Dominick Avery, Viscount Rexton, has a brilliant mind, yet is so intoxicatingly handsome no one ever takes his intellect seriously. He cultivates a wicked reputation as Lord Adonis, Master of Love, until his uncle sends him an irresistible bequest of books, on the condition he accept also the prim librarian who comes with them.
Miss Callista Higginbotham struggles to support her quirky household as a rare book dealer and librarian, while tottering on the dangerous edge of poverty. But she quickly finds herself in greater danger yet, as her desire flares for the infuriatingly flirtatious lord. Dominick wants nothing more than to unleash his luscious new librarian from her straight-laced propriety. He’s learned, however, never to trust desire—and certainly not the all-consuming passion that soon bedevils him. But when Callista discovers a plot against Dominick’s life and risks all to save him—they both learn that love is the one lesson that cannot learned from books…
This book...oh this book. Let me put this out there first and foremost--LaRoche has her heroine, the very prim and proper Miss Callista Higginbotham, come up with not only the dewey decimal system (because it makes more sense then alphabetizing alone!) but also the card catalog system. Which I admit to missing quite a bit (but that's a discussion for another day). Its 1846. The Dewey Decimal System is created by Melvil Dewey in 1876. I'm going to assume from here on out that Melvil saw the system at the Rexton residence and stole the idea--it seems that happens a lot to this family!
This book went on much longer than it should have. While I admit that I am fond of books where the hero is the one pushing for the heroine to 'make an honest man out of him', the entire situation was so contrived that it annoyed me moreso than anything else. Worse, once that was taken care of there's yet ANOTHER obstacle--that comes out of the middle of nowhere I might add--just to drive it home to the heroine that she must love him.
LaRoche turns the whole 'dumb blonde' thing upside down by making Rexton too pretty to have a thought in his head, but I couldn't help but think that every time he said that being a viscount meant having the power to do whatever he wanted he was being disingenuous.
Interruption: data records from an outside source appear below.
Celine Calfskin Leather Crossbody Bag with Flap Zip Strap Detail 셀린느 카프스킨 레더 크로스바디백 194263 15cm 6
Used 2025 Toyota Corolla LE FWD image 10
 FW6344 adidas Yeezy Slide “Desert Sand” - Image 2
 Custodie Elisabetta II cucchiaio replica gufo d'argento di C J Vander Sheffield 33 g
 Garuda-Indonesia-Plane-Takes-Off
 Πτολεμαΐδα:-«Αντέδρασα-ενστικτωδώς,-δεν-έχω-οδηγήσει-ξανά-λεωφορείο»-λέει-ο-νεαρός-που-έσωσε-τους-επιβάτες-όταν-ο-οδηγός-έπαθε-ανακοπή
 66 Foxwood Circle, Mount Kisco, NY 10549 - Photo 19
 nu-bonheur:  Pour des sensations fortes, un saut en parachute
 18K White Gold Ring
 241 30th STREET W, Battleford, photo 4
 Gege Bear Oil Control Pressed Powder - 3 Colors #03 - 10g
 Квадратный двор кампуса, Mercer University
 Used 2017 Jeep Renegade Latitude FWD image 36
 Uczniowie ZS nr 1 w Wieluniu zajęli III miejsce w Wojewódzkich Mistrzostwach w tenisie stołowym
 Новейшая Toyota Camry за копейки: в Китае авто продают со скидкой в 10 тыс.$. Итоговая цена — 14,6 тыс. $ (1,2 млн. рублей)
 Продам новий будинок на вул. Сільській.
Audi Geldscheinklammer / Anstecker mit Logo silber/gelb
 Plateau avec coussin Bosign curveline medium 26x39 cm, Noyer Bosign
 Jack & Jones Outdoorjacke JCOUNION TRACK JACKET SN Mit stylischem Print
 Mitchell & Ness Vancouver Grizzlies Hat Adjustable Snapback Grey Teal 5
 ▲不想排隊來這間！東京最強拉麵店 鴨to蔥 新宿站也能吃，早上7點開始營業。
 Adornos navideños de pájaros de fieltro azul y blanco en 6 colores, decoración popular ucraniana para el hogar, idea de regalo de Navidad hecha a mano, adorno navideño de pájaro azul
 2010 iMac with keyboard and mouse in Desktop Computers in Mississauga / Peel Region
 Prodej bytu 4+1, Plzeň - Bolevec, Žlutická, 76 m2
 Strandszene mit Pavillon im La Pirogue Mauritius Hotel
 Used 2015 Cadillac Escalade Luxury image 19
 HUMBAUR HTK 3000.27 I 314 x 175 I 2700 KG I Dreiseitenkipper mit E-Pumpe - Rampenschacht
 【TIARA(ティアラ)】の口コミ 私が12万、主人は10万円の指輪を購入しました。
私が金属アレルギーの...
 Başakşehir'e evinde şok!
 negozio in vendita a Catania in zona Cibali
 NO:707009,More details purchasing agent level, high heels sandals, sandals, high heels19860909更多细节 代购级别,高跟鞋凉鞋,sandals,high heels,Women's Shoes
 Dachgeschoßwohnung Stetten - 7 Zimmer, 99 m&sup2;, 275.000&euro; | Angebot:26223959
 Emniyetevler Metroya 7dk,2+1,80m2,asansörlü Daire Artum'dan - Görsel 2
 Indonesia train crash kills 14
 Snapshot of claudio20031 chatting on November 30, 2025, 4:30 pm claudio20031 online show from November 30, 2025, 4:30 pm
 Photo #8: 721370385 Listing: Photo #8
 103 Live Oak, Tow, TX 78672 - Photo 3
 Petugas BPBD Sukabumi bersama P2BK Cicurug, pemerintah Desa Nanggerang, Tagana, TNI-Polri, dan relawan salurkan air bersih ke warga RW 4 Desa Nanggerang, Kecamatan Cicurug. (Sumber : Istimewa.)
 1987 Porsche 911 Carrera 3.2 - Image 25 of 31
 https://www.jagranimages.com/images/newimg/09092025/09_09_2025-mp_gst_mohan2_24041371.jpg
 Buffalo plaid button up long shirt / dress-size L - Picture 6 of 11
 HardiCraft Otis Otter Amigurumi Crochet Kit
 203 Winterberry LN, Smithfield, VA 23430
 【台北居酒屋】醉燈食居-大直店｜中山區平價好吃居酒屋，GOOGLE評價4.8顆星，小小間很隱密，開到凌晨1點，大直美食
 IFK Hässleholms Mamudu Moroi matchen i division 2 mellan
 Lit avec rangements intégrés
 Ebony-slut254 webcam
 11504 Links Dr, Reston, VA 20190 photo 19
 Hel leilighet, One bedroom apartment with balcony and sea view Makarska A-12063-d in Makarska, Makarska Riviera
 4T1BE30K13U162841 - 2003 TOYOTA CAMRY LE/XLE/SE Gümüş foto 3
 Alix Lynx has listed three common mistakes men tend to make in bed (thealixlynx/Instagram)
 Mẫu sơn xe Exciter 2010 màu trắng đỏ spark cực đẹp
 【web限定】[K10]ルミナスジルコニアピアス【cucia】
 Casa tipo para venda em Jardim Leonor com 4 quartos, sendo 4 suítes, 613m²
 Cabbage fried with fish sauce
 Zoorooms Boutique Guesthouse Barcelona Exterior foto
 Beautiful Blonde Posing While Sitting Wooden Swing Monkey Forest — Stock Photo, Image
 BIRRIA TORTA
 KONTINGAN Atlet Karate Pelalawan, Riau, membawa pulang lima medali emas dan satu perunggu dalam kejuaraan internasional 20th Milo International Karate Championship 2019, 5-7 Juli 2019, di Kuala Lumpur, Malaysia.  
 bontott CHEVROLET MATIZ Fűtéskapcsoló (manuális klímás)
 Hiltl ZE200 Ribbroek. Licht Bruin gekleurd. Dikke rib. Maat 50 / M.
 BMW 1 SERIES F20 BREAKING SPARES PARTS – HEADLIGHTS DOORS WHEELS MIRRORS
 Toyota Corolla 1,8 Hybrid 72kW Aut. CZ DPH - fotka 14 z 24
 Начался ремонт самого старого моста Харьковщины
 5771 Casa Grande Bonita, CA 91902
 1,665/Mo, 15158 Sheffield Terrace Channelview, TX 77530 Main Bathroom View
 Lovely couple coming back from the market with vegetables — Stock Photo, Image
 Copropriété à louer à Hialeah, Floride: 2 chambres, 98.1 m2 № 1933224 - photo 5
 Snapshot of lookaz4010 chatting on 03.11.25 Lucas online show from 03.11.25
If that was true then why didn't he just come out as brilliant clever boy that he was and damn the consequences 'cause he's a viscount? Why make such a big deal about no one taking him seriously when no less then half a dozen people close to him do?
Meanwhile Callista clearly did not use the brains she was given either. She vascilates between understanding the rules that society plays at and shock when those same rules are thrust in her face. Society will--and has!--overlooked many a thing when a girl is rich, beautiful and has a handsome dowry, but Callista only had one of those things (beauty) and attempted to obscure that even. Everybody knows that being in the home of an unwed (or even wed for that matter) gentleman you're not related to unchaperoned is risking censure. Why did she think that being in TRADE on top of that would save her from ruin?
The redeeming feature for this book was basically the banter between the two leads. Nothing like a couple of intelligent folks trading barbs with each other. I also found Rexton's epiphany that he could marry Callista if he wanted (because he's a viscount so it has to count for something!) and his adorably exuberant proposal (he smacks her bottom so she would wake up and then commences to describe the wedding they needed to plan right away).
LaRoche writes in an engaging voice and many of the secondary characters (such as Great-Aunt Mildred) are delightful. Its just the common sense quota was so far below understandable I found myself constantly being taken out of the story (who goes alone to a creeper's apartments for a business deal? Callista does!) and wondering how any of these characters managed to survive.